Top of Provided records

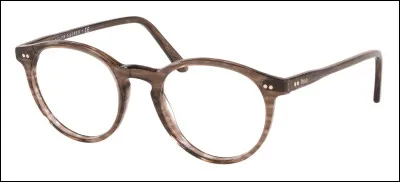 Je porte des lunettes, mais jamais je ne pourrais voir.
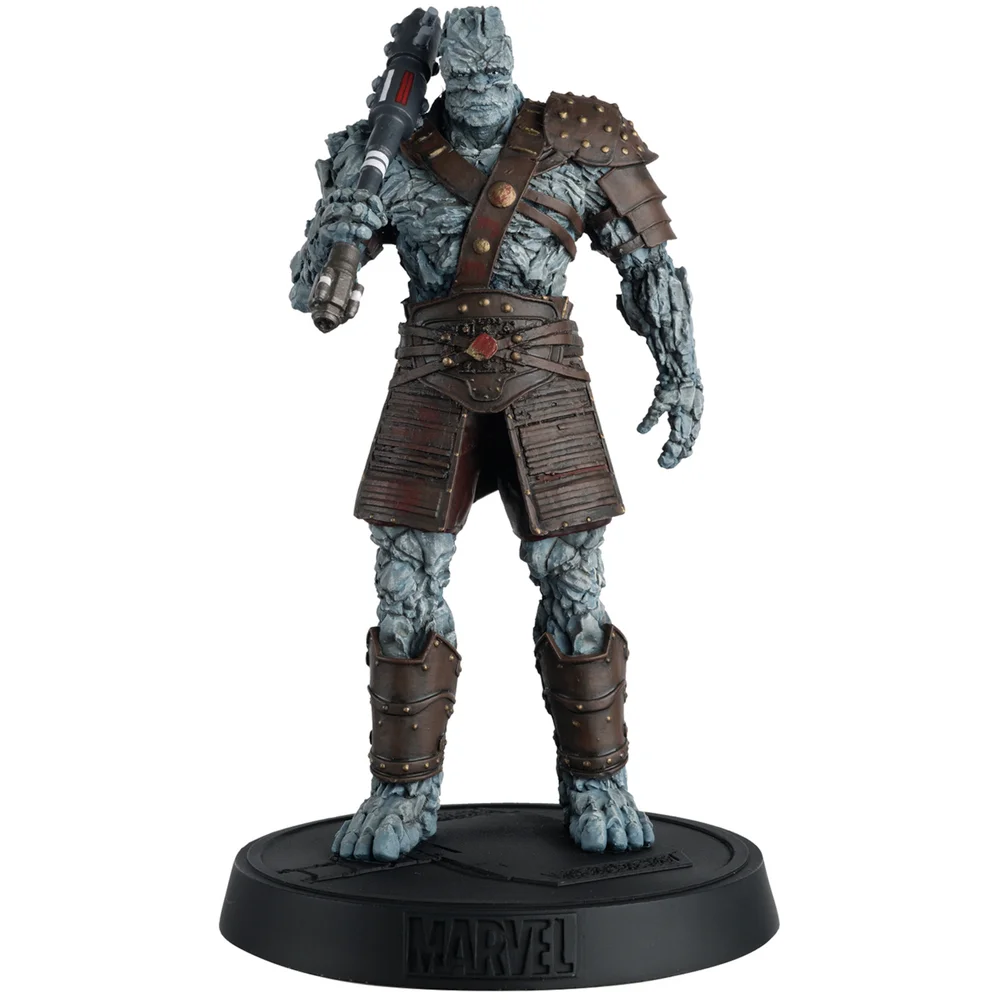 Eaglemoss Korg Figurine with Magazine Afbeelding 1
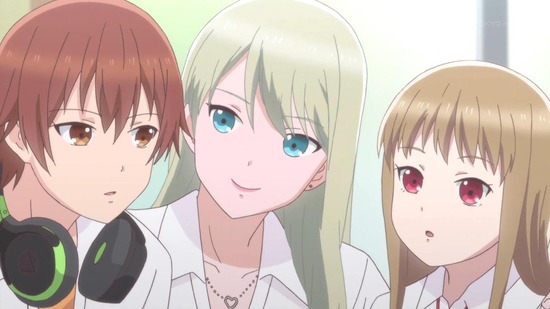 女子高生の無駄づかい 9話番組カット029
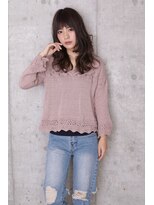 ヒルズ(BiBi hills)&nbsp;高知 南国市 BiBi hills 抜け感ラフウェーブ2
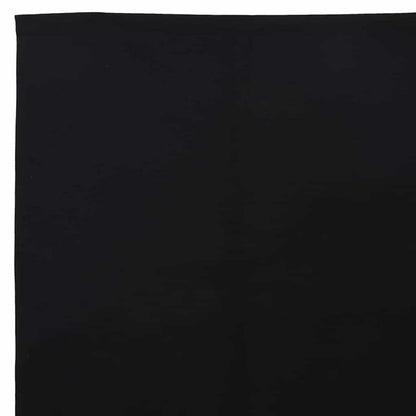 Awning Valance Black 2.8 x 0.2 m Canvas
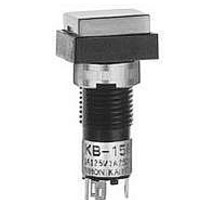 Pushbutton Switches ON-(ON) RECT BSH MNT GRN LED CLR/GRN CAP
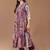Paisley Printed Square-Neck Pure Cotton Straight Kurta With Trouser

Bottom of Provided records

*Your assignment*
Take the line with "Awning Valance Black 2.8 x 0.2 m Canvas" and every line after it through the end of the data, and write only them out exactly, leaving out the pictures.

*Answer for the task*
 Awning Valance Black 2.8 x 0.2 m Canvas
 Pushbutton Switches ON-(ON) RECT BSH MNT GRN LED CLR/GRN CAP
Paisley Printed Square-Neck Pure Cotton Straight Kurta With Trouser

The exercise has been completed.